Text of statute as originally enacted

= Continuance of Laws Act 1787 =

Act of the Parliament of Great Britain

The Continuance of Laws Act 1787 (27 Geo. 3. c. 36) was an act of the Parliament of Great Britain that continued various older acts.

== Background ==
In the United Kingdom, acts of Parliament remain in force until expressly repealed. Many acts of parliament, however, contained time-limited sunset clauses, requiring legislation to revive enactments that had expired or to continue enactments that would otherwise expire.

== Provisions ==
=== Continued enactments ===
Section 1 of the act continued the until the Hides and Skins Act 1769 (9 Geo. 3. c. 39) "as relates to the free importation of certain raw hides and skins from Ireland, and the British plantations in America", as continued by the Continuance of Laws, etc. Act 1774 (14 Geo. 3. c. 86) and the Continuance of Laws Act 1781 (21 Geo. 3. c. 29), from the expiration of those enactments until the end of the next session of parliament after 1 June 1791.
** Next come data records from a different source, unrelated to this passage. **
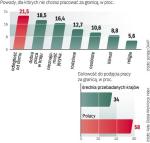 Emigracja zarobkowa. Wyniki badań Kelly Global Workforce Index  i Ogólnopolskiego Konwentu Agencji Pracy. Pierwsze przeprowadzono  od października 2010  do stycznia 2011 r. (na 100 tys. osób z 30 państw), drugie  od listopada do końca kwietnia (na próbie 8 tys. Polaków). 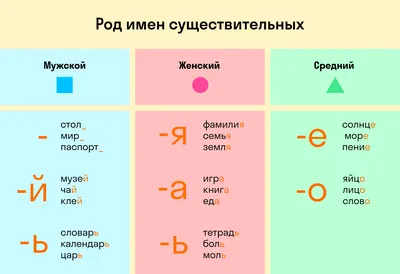 Марафон "Я РИСУЮ СВОЙ РОД" | Facebook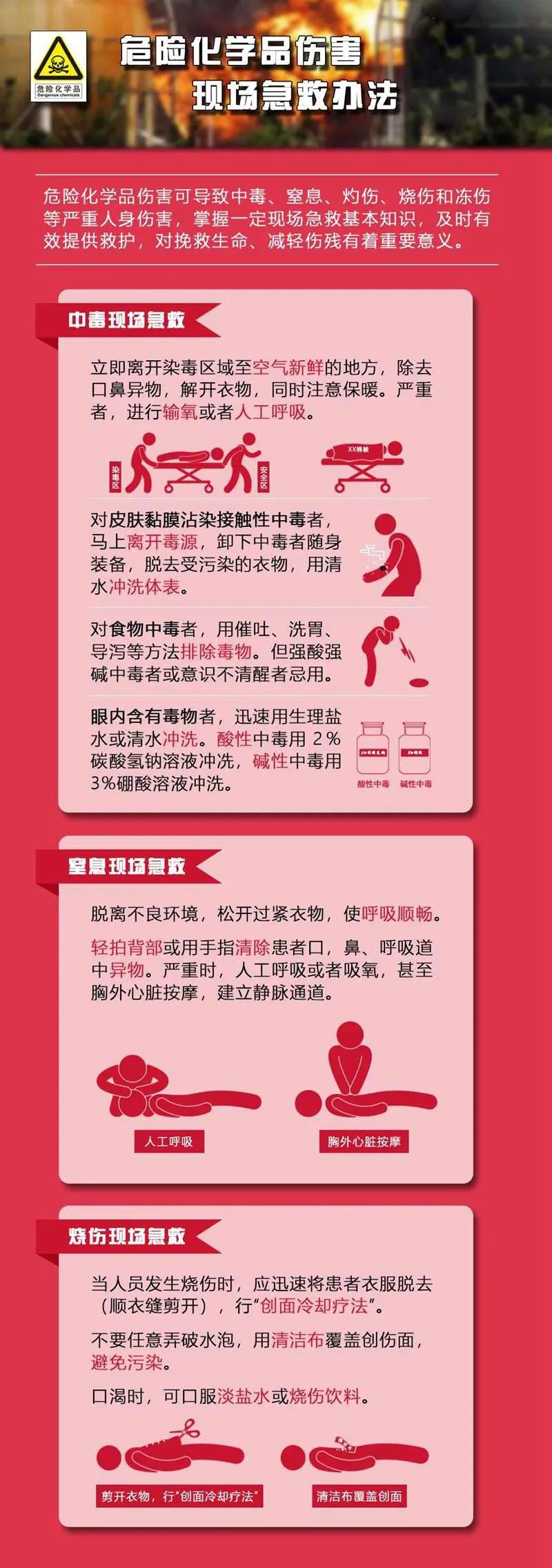 海固安防|化工廠安全操作及危險(xiǎn)的緊急處理辦法！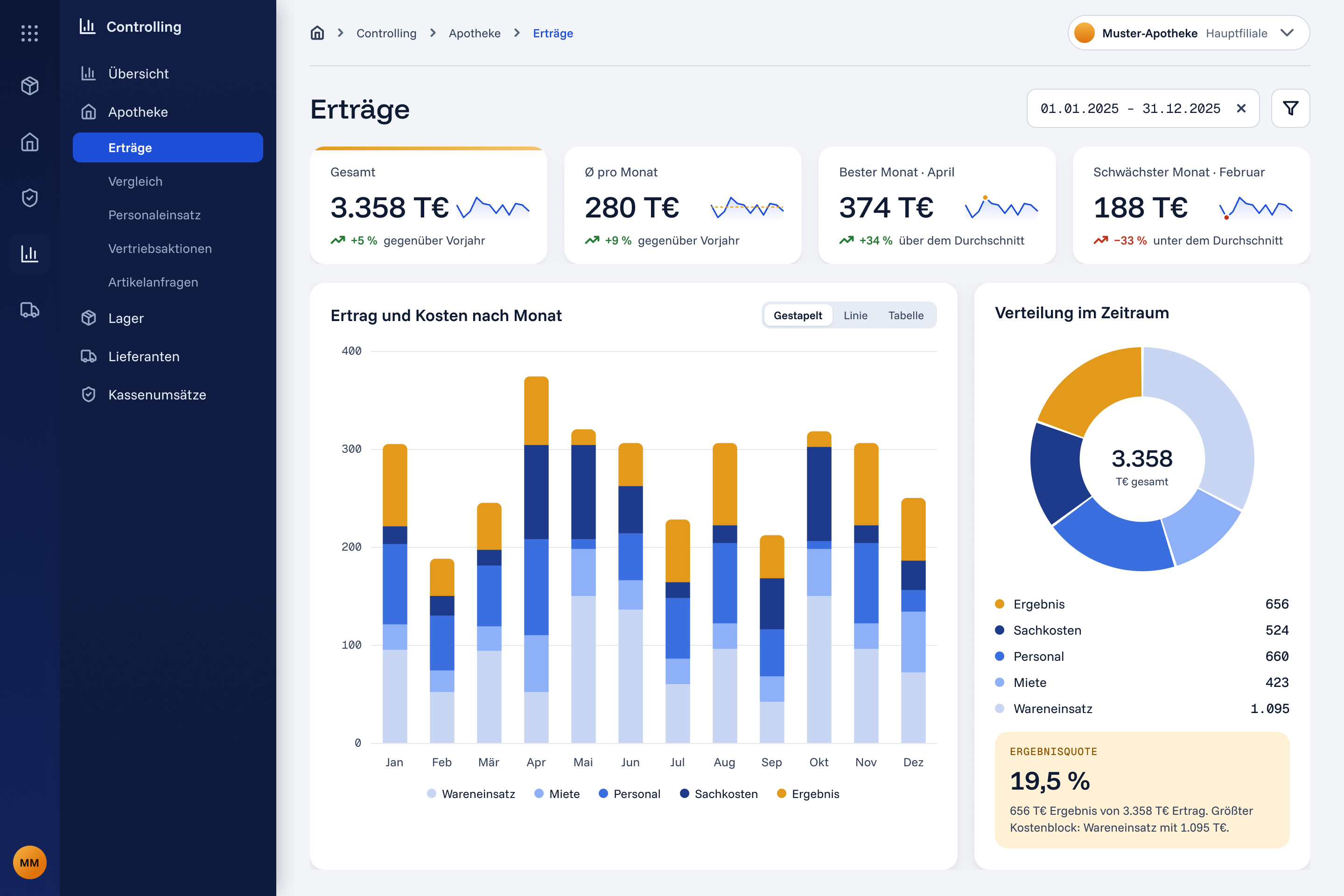 The back-office revenue screen
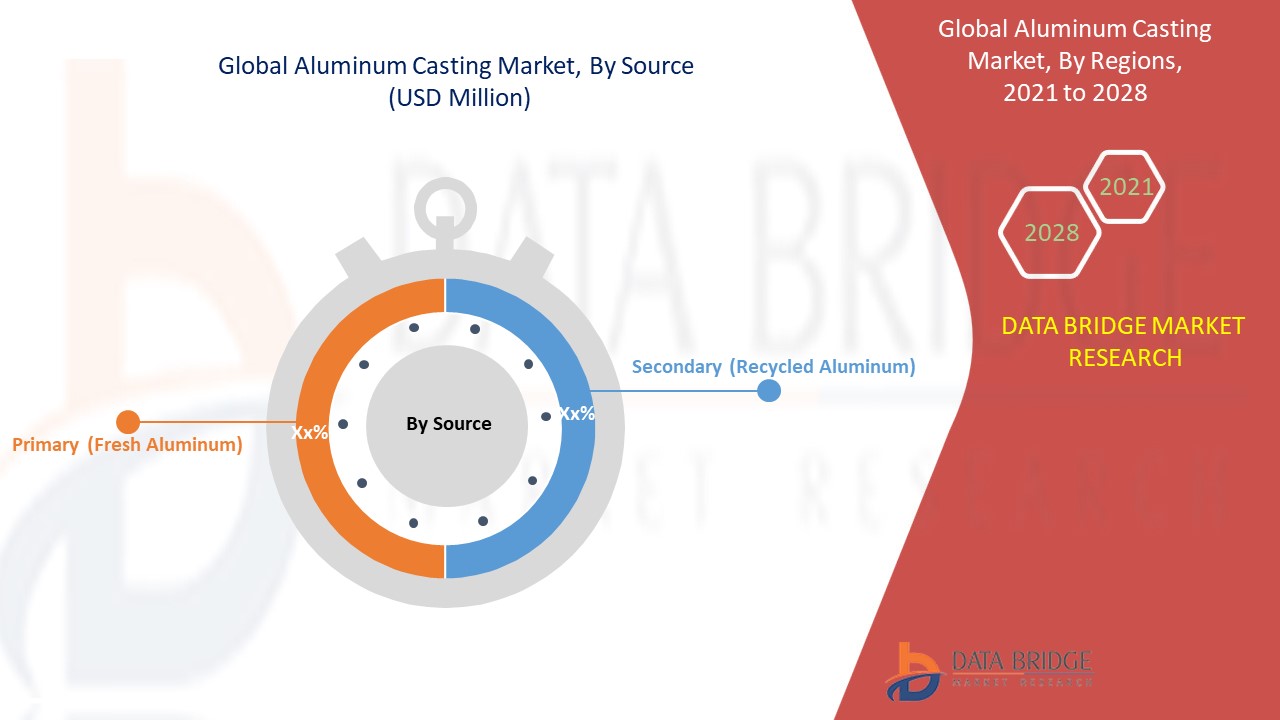 Aluminum Casting Market 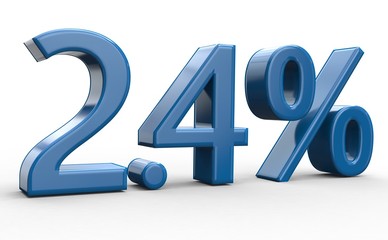 2.4 % 3d Schrift blau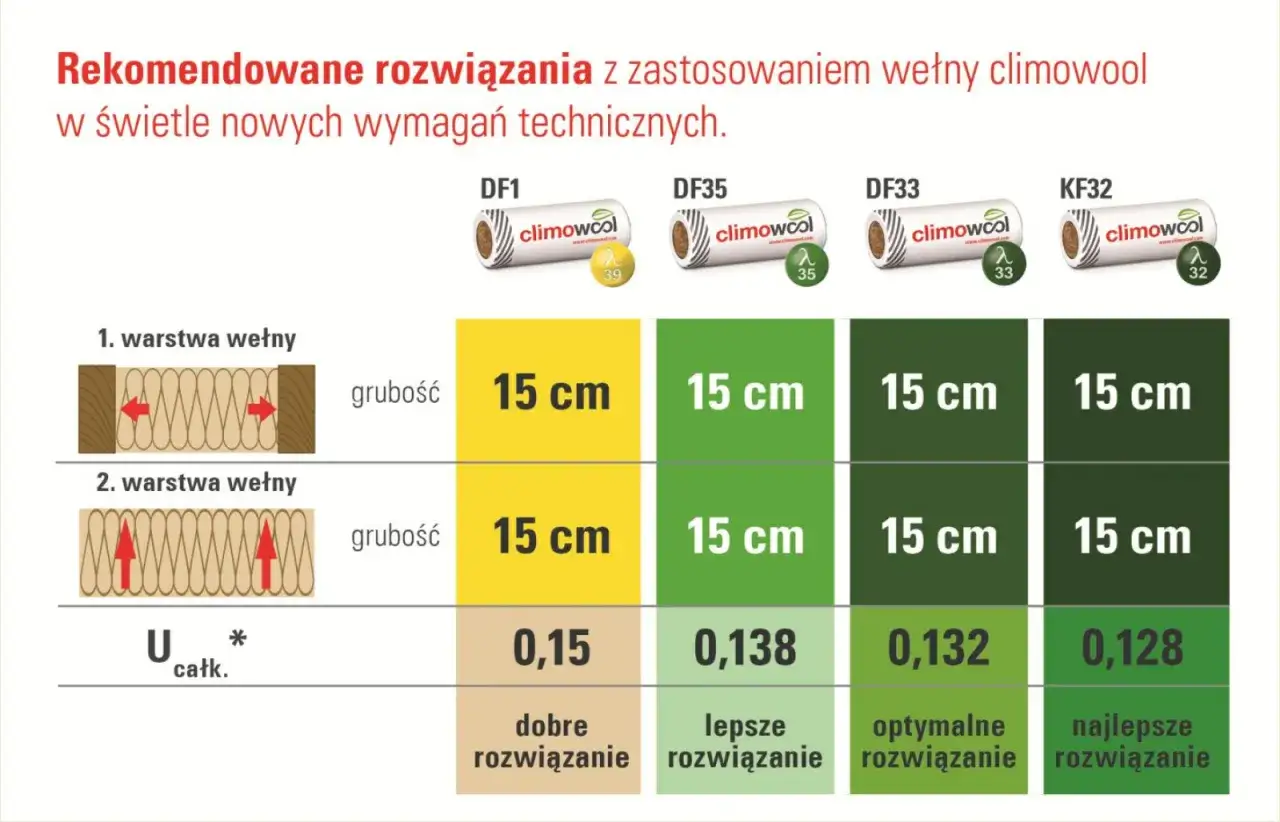 Tabela porównuje wełnę climowool o grubości 15 cm dla różnych typów (DF1, DF35, DF33, KF32), pokazując współczynniki U i rekomendacje.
Section 2 of the act continued the Exportation Act 1776 (16 Geo. 3. c. 37) "as relates to allowing the exportation of certain quantities of wheat, and other articles to his Majesty's sugar colonies in America", as continued by the Exportation (No. 2) Act 1776 (17 Geo. 3. c. 28), the Exportation Act 1778 (18 Geo. 3. c. 16), the Continuance of Laws Act 1779 (19 Geo. 3. c. 22), the Continuance of Laws (No. 2) Act 1780 (20 Geo. 3. c. 19) and the Continuance of Laws Act 1781 (21 Geo. 3. c. 29), from the passing of the act until 1 May 1788.

Section 3 of the act continued the Exportation (No. 4) Act 1786 (26 Geo. 3. c. 89) from the expiration of the act until the end of the next session of parliament.

Section 4 of the act continued the Exportation Act 1756 (29 Geo. 2. c. 15), as continued by the Exportation (No. 4) Act 1770 (10 Geo. 3. c. 38) and the Bounties Act 1779 (19 Geo. 3. c. 27), from the expiration of the act until the end of the next session of parliament after 24 June 1788.

== Subsequent developments ==
The Select Committee on Temporary Laws, Expired or Expiring, appointed in 1796, inspected and considered all temporary laws, observing irregularities in the construction of expiring laws continuance acts, making recommendations and emphasising the importance of the Committee for Expired and Expiring Laws.

The whole act was repealed by section 1 of, and the schedule to, the Statute Law Revision Act 1871 (34 & 35 Vict. c. 116), which came into force on 21 August 1871.